Sustained space habitation is no longer a next-generation challenge. With NASA’s Artemis Plan, the advent of the US Space Force and the “new space” sector’s scrappy enthusiasm, there is serious momentum to bring humans to space for extended periods in the coming decade. We can’t do this alone. We’ll need to adapt the highly automated systems we’ve been designing for everyday purposes to help us survive. However, if we build space-faring AI systems anything like how we have been building smart cities, we are going to have some problems. AI systems that have been designed for civil society are not built for digital or physical resilience. Largely, they have lacked human-centricity, which has been a major contributor to this challenge.
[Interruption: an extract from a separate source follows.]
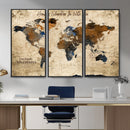 World Map Wall Art Canvas Print, Modern Decorative Framed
At this talk, we’ll discuss and raise questions about the calls for autonomous space systems, and if we do not have a track record for building safe and secure human-centric AI systems on Earth, how can we build them for space? The stakes are higher there.
Speaker Biography
rof. Gregory Falco is the first faculty hire at the Johns Hopkins Institute for Assured Autonomy (IAA), where he will be an Assistant Professor jointly between the IAA and the Civil and Systems Engineering Department starting in Fall 2021. He has been at the forefront of smart city and space system security and safety in both industry and academia for the past decade. His research entitled Cybersecurity Principles for Space Systems was highly influential in the recent Space Policy Directive-5, which shared the same title. He has worked closely with NASA’s Jet Propulsion Laboratory to help advance space asset security capabilities using AI. Falco led the inaugural university cohort research team for the United States Space Force’s Hyperspace Challenge. He has been listed in Forbes 30 Under 30 for his inventions and contributions to critical infrastructure cyber security. Falco has been published in Science for his work on cyber risk. Falco is a Cyber Research Fellow at Harvard University’s Belfer Center, Research Affiliate at MIT’s Computer Science and Artificial Intelligence Laboratory and Postdoctoral Scholar at Stanford University. Falco completed his PhD at MIT’s Computer Science and Artificial Intelligence Laboratory, master’s degree at Columbia University and bachelor’s degree at Cornell University.